:: Task directions ::
In the data below, find the line containing "JOHNNY LIGHTNING CHEVY" and the line containing "Φιγούρες McDonald’s Happy", then reproduce them and every line between, exactly. Omit pictures.

:: Data for analysis ::
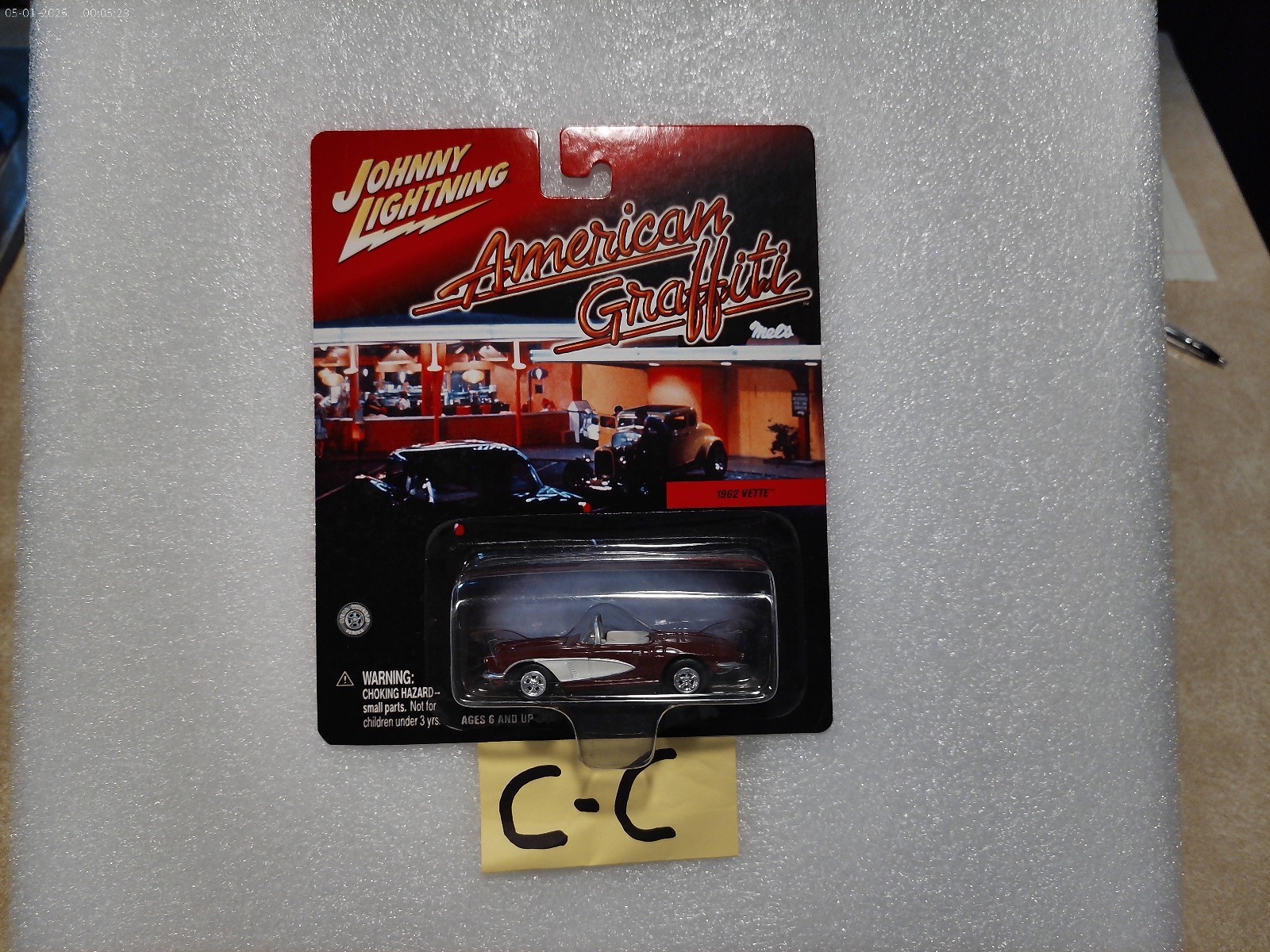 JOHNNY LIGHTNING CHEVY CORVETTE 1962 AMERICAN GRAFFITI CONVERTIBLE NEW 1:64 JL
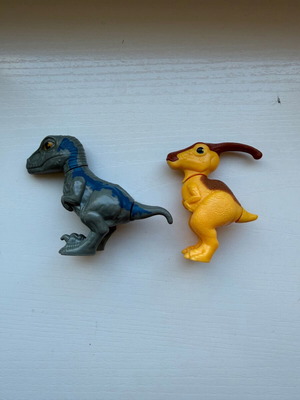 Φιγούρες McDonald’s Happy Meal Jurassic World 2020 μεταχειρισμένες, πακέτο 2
==
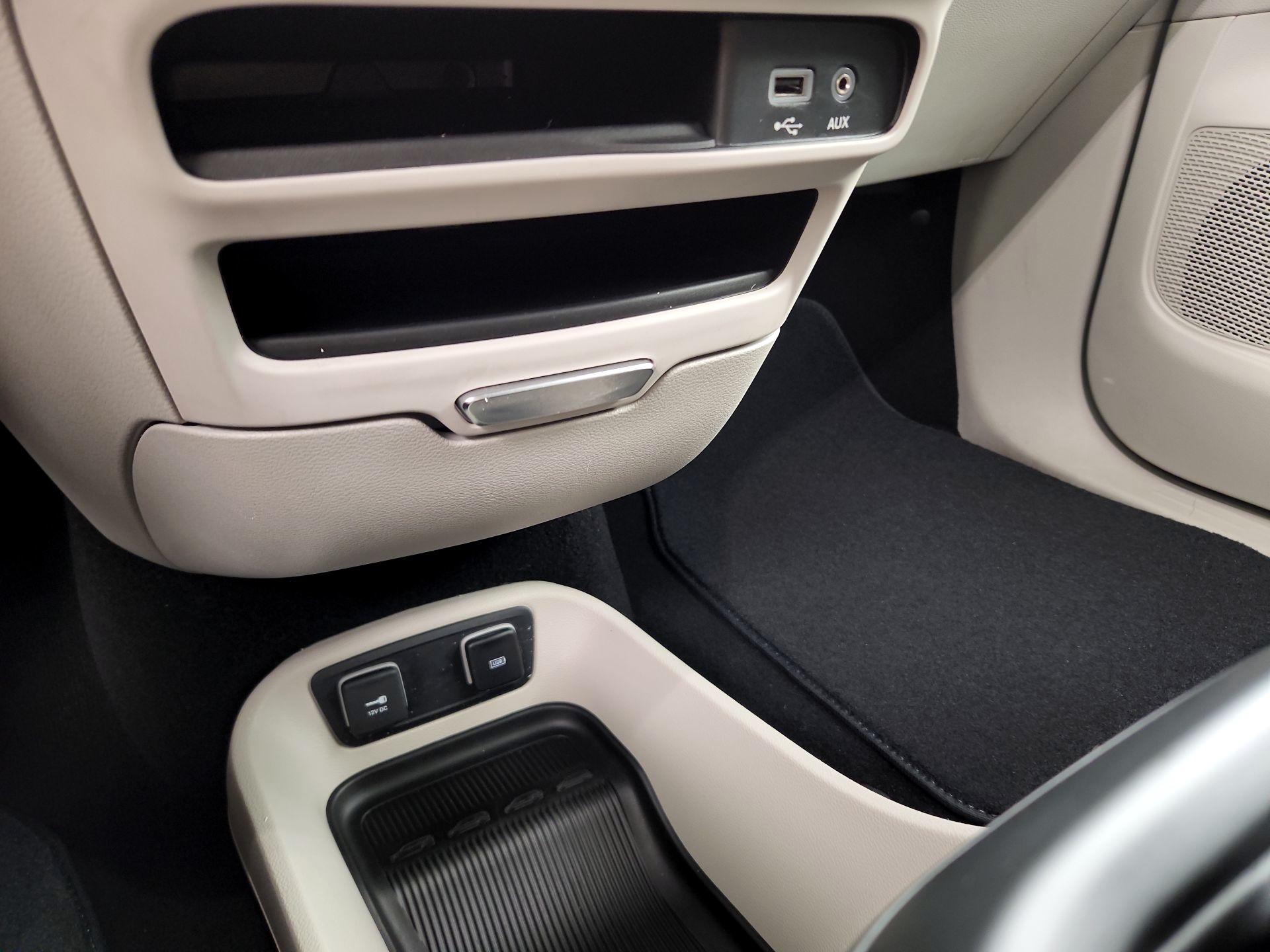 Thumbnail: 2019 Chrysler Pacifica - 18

:: Reply to the task ::
 JOHNNY LIGHTNING CHEVY CORVETTE 1962 AMERICAN GRAFFITI CONVERTIBLE NEW 1:64 JL
 Φιγούρες McDonald’s Happy Meal Jurassic World 2020 μεταχειρισμένες, πακέτο 2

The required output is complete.